======== Dataset records ========
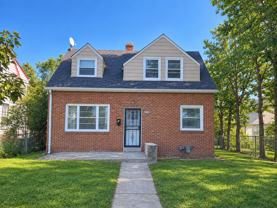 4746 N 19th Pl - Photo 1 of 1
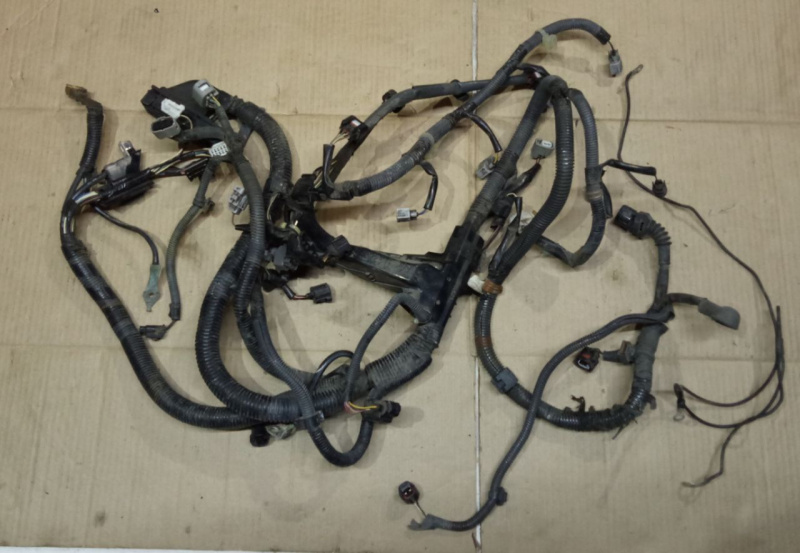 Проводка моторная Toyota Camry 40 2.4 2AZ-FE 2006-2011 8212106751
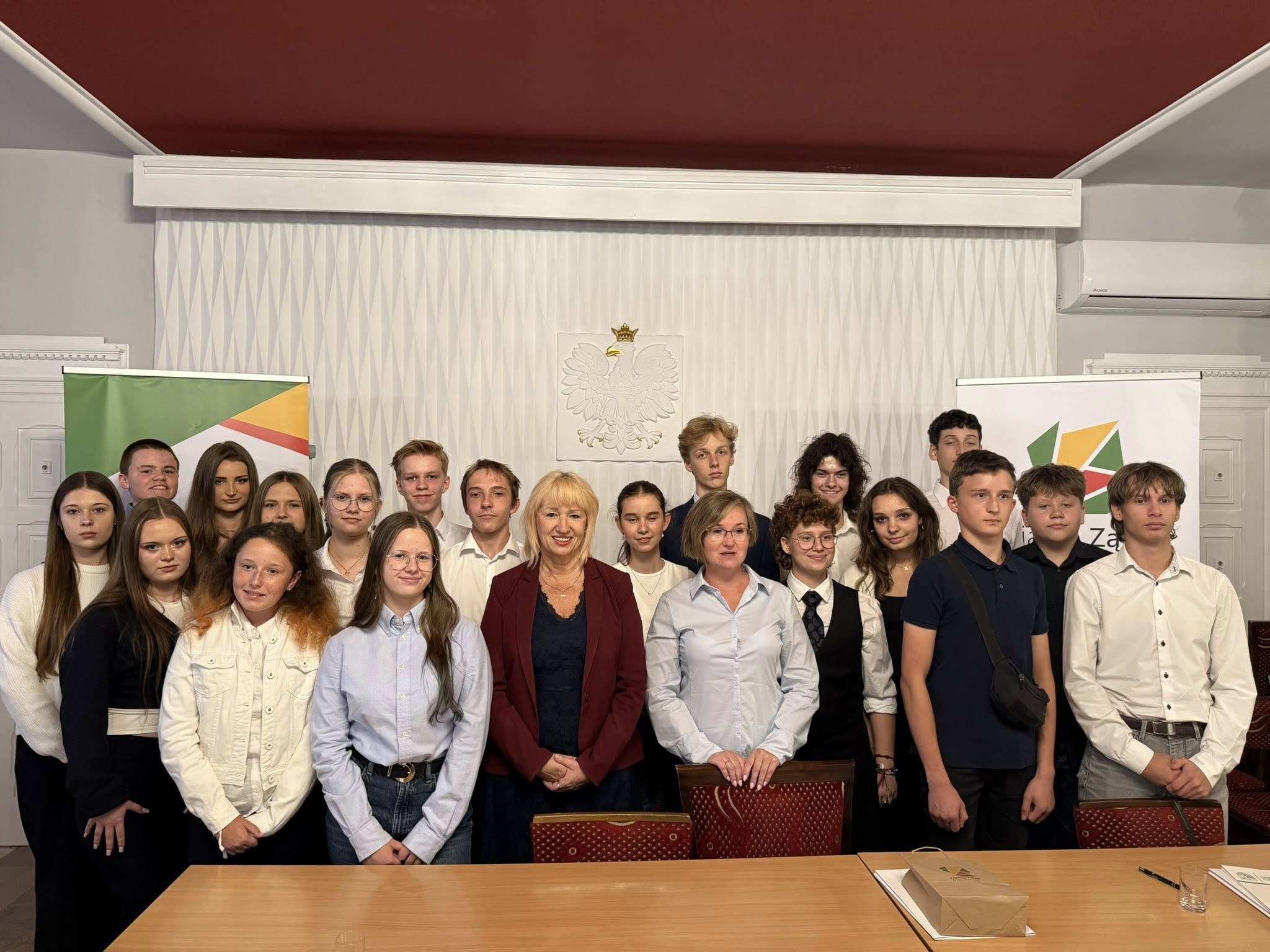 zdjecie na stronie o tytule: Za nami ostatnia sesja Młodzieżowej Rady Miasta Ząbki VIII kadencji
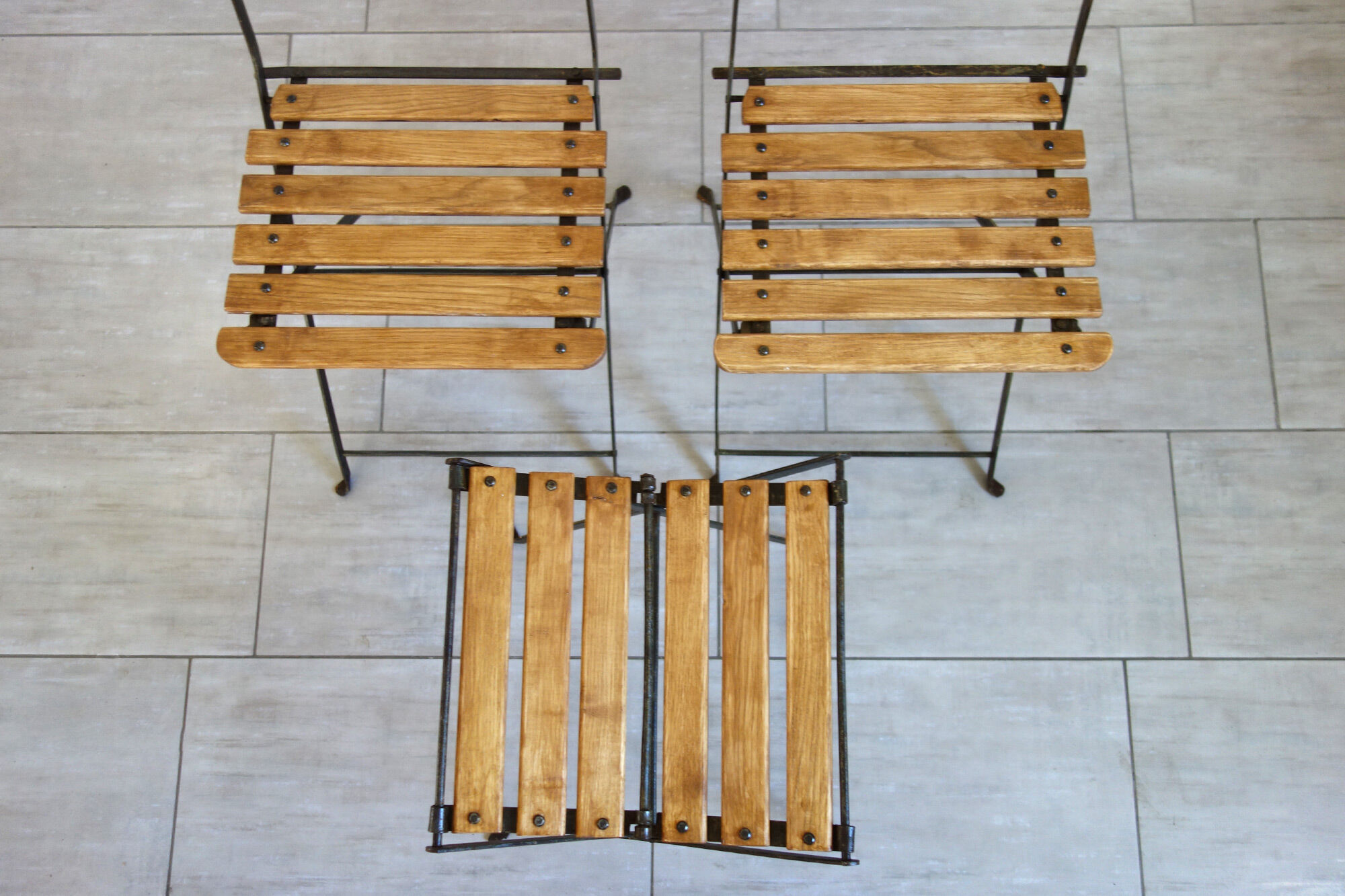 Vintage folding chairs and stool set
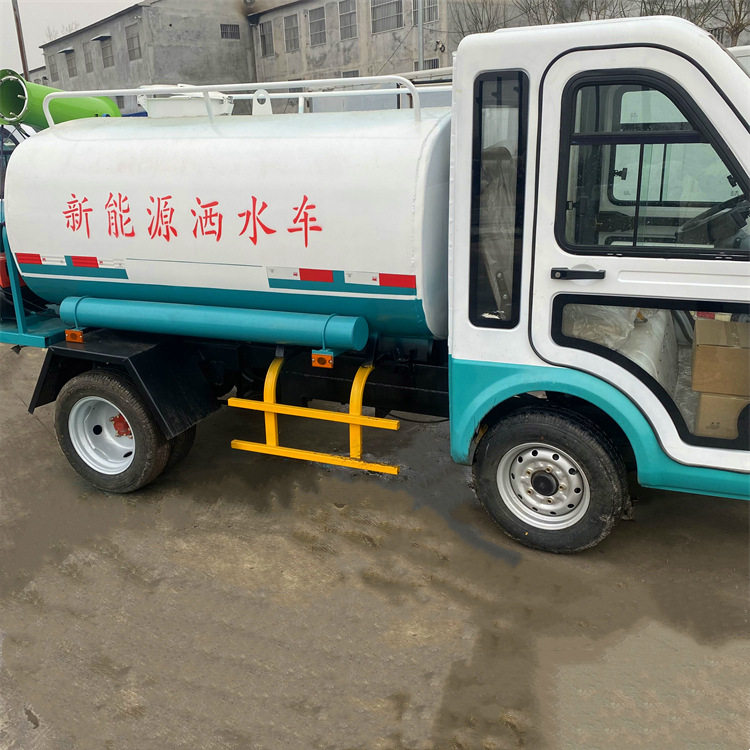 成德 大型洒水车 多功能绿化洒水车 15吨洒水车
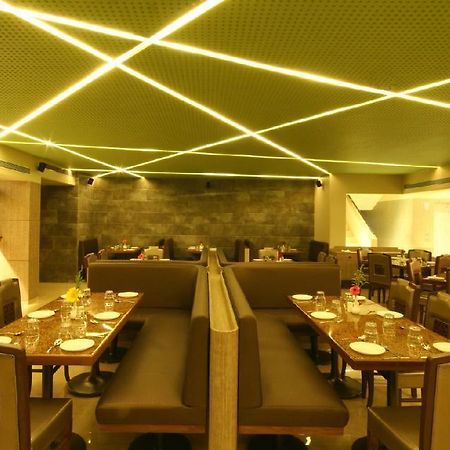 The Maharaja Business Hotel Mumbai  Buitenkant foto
========
Work item: Would you reproduce the lines from the one with "zdjecie na stronie" through the final line of the data above, exactly and only those, without any pictures?

Exercise response:
 zdjecie na stronie o tytule: Za nami ostatnia sesja Młodzieżowej Rady Miasta Ząbki VIII kadencji
 Vintage folding chairs and stool set
 成德 大型洒水车 多功能绿化洒水车 15吨洒水车
 The Maharaja Business Hotel Mumbai  Buitenkant foto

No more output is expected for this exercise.